Крыжановский хранит целомудренное молчание о своем сиротстве, но ощущением его напоены многие стихи. Эпическое в предании заменяется на домашнее: «По рассказам матери». И это – тоже особое обстоятельство Рождества в новейшей истории. Родина-крестная воплощается через унаследованных от язычества укротителей Фрола и Лавра. Таинство снижается до «Подумаешь – традиция, обряд», но религиозное переживание опосредованно происходит во время Крещения собственного ребенка. В этом же стихотворении описано и искушение неверием:
Что ж «Бога нет!» речебезумец в надрывающемся сердце?Два слова, два понятия – «безумие» и «надрыв» – покрывают всю гамму релятивистских метаний. Явление Сына Человеческого в мир испорчено «квартирным вопросом», прочитанным онтологически. Рождество изначально лишнего приравнено к коммунальному подселению. Нелюбовь к Младенцу предопределена. Стихи приобретают то «сверхзначение», которого, по мнению Л. Гинзбург, ищет в них современное сознание. Драма ненужности достигает кульминации. Волхвы, избранные возвестить миру приход Спасителя, представляют государство, располагаясь в Кремле неподалеку от вертепа, то бишь, роддома. Соответственно, о событии им докладывают официально, как в брежневском анекдоте:
Христос воскресе, Леонид Ильич!
Мне уже доложили.
Волхвам во френчах по моде «середины века», отрезанным от мира «колоссальной, зубчатой, кирпичной стеной», светит самоцельная рубиновая звезда. Образ поэта – Спасителя дольнего мира – и поэзии – его спасения – поднимается в программной статье Андрея, опубликованной в созданном им ненадолго журнале «Речитатив». В стихах же век, будто Папа Римский, шепчет по-латыни над Младенцем, родившимся в Третьем Риме.
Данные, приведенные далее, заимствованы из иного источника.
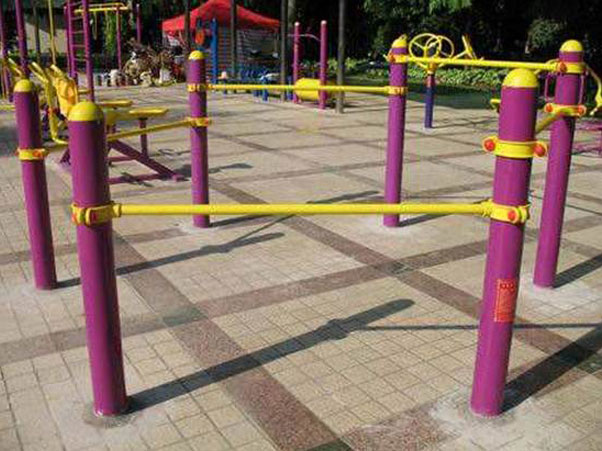 高新區(qū)心圩街道辦的健身路徑項目-【玉峰體育】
Свое путешествие из Москвы в Петербург Андрей будет совершать всю жизнь. Народ и партия – язычество «традиции» и язычество власти – объединяются для похорон Генерального Отца. Отчизну-крестную отпевает «удалой инвалид \ чем-то вроде «Катюши», а то и похлеще». Лапидарные выгоды поэзии перед прозой Крыжановский великолепно понимал. Некрасова освоил и филигранно балансировал на острие двух вечных граней литературы – лирики и романа.